[I am currently busy with work commitments and preparing for my next phase of life, so updates here will be sporadic]
My life has been quite a journey, and with my current progress in the Christian life, I thought it would be helpful to tell parts of that story here.
How does one relate to God in this world? To the church? What should a Christian do in order to glorify God? All of these are questions that I struggle with, especially after I have been awakened to the things of God by the Spirit of God. Having brought up in staid traditionalism, I was exposed to Charismatic influences. It is admitted that there are many biblical problems with the Charismatic movement, and the particular strain that I was eventually exposed to, the Third Wave New Apostolic Reformation, is heretical. Yet, for someone raised in staid traditionalism, this was a breath of fresh air. In particular, it cannot be denied that, through focusing on the imminant and the practical, Charismatic Christianity preserve an important aspect of Christianity, which is that Christianity has to be practiced and not relegated to mere cognition. Christianity is a whole person faith. The idea that one can be Christian in mere intellect is not biblical, but more on that later.
As a biblically deficient movement, Charismatic Christianity left me feeling dry over time. God graciously led me to Reformed teaching and Reformed theology. Through seeing the latitudinarian approach in much of Singapore Christianity, I was led to reject New Evangelicalism, which I see as the movement allowing false teaching like the New Apostolic Reformation (NAR) to infiltrate the church. In a sense, I became a Fundamentalist, Fundamentalist in approach not in doctrine. If New Evangelicalism is marked by toleration of false doctrine under the guise of charity and respectful disagreement, then the reaction is to be strict on doctrine. Laxity of doctrine is spiritual adultery, leading to spiritual destruction applauded by those going to heaven under the guise of charity. It was evidently clear that New Evangelicalism is a movement of spiritual negligence on the part of its pastors at best, so the way to combat it is to be its opposite.
I notice quickly of course that Fundamentalism does not work, noting the problems and church wreckages it has caused. If everything is important and one must separate from other Christians on almost every doctrine, then everyone will eventually form a church of one. Yet it is evidently clear that New Evangelicalism does not work either. The so-called triage method promoted by Albert Mohler, when I heard about it, does not work either. "Triage" presumes that one can rank doctrines in order of importance, but where is this ranking found? Who gave us this ranking list, and upon what basis should we grant that list authority? "Triage" is basically an intellectual version of New Evangelical compromise, allowing pastors to feel less guilty or not guilty while being indifferent about other people going to hell.

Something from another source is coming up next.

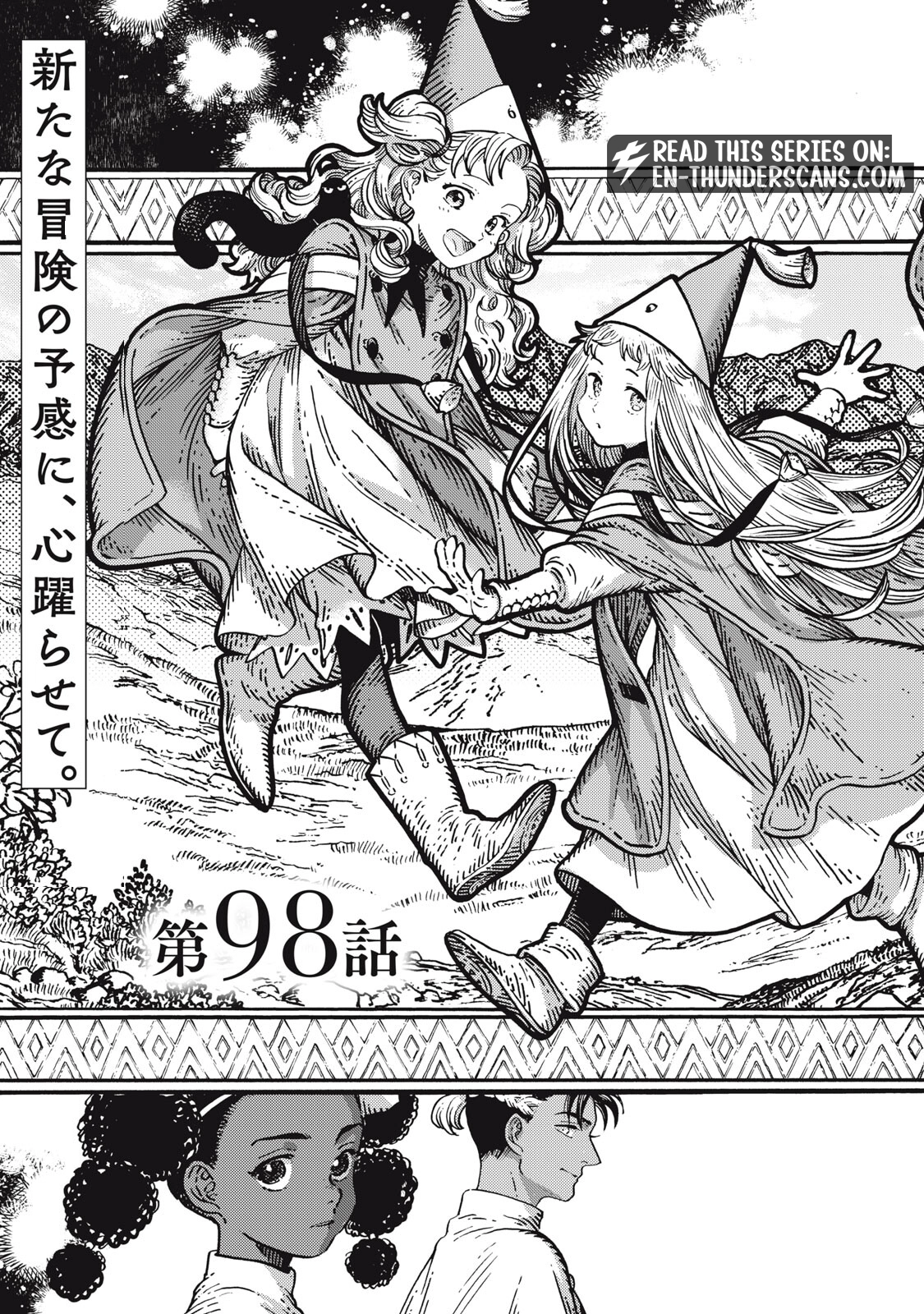 Tongari Boushi no Atelier Chapter 98 — Page 4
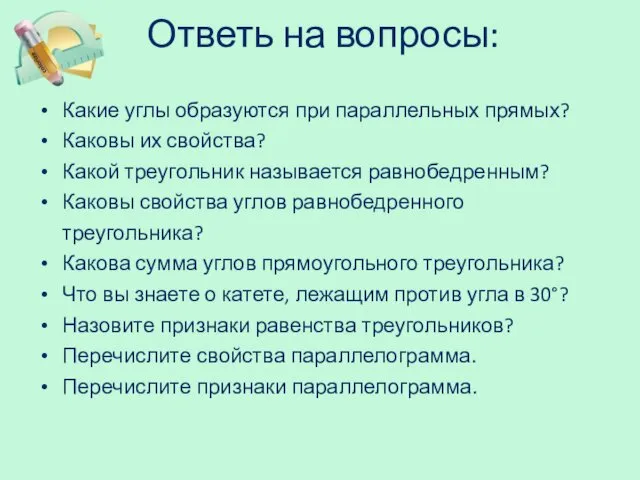 Ответь на вопросы: Какие углы образуются при параллельных прямых? Каковы их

The Promise of Confessionalism
New Evangelicalism and Fundamentalism are a dialectical pair, with the one feeding into the other. Those who reject New Evangelicalism veer Fundamentalist, while those reject Fundamentalism veer New Evangelical. It is a zero-sum game either way, and in no way is Christ's church and Christians properly served. Believers are destroyed by false love and unity under the banner of triage or whatever term New Evangelicals use. Christ's sheep are broken by fundamentalist attack dogs slashing the sheep they were meant to protect, guide, and feed. While wresting with this dialectic, I came to hear of Confessionalism, which holds itself to be a third way in the dialectic.
What is the allure of Confessionalism? Confessionalism asserts that the problem with evangelicalism is that it does not have a true center of unity. Evangelicalism fails in its struggle to be coherent and proper because it is in some sense a false construct. By rejecting the historic creeds and Christian confessions, and trying to create a pan-"Protestant" movement, Evangelicalism cannot truly function as a Christian church. "Evangelicalism" as a movement must be deconstructed, argues historian D. G. Hart, because it has become a "seemingly large and influential religious body, but it lacks an institutional center, intellectual coherence, and devotional direction." [D.G. Hard, Deconstructing Evangelicalism: Conservative Protestantism in the Age of Billy Graham (Grand Rapids, MI: Baker, 2004), 176]. Hart in that book was focusing on the New Evangelicals, but the issue of a true center of unity or lack thereof affects the Older Evangelicalism as well. The only difference is that Old Evangelicalism had denominational legacy and thus had a more stable identity despite their trans-denominational slant. The dialectic between doctrinal separation and doctrinal compromise exists because there is no real substantive center in evangelical churches. All claims to be centered on the "Gospel," whether of the older evangelicalism, the New Evangelicalism, or the New Calvinist version (e.g. TGC) have failed because the words "the Gospel" have no substance in themselves. Over time, as it has been shown time and again, a unity "around the Gospel" results in either doctrinal splits or doctrinal compromise and eventual apostasy. The former comes as one group found to their astonishment that error and heresy lies within the camp, and sought to eradicate it, as for example Charles Spurgeon and the Downgrade Controversy, and the various modernist-fundamentalist controversies of the early 1900s. The latter is seen in the evangelical moderates collapsing to the forces of Liberalism in the PCUSA and other mainline denominations. It is seen also in the modern horror story that is TGC, as it is currently capitulating to the anti-Christian lies of LGBTQ+ and wokeness.
Confessionalism's promise therefore is to re-orientate doctrines around a core, forming something that looks like "triage" without the triage. Instead of asking questions about what doctrines are core and what are not, believers are to understand the form of sound words (2 Tim. 1:13) and link themselves to the historic Christian faith. Christians link themselves to the historic Christian tradition, choosing the historic Confession that they hold best approximates to that tradition, the faith once for all delivered to the saints (Jude 1:3). Christians unite around a common Confession of faith and the historic creeds of the church. What the Confession states is core; what it does not there is room for disagreement.
Of course, this does not solve every problem. There is a sense in which we argue from the Confession for logical deductions from that Confession. There is a sense in which inferences from the Confession partake in the derived authority of the Confession for us, yet are less authoritative than the Confessions themselves, especially when the inference is not direct. Nevertheless, the promise of Confessionalism is an escape from the dialectic between New Evangelicalism and Fundamentalism. In it, the believer can rest, more assured in the truths of Scripture and protected from wolves.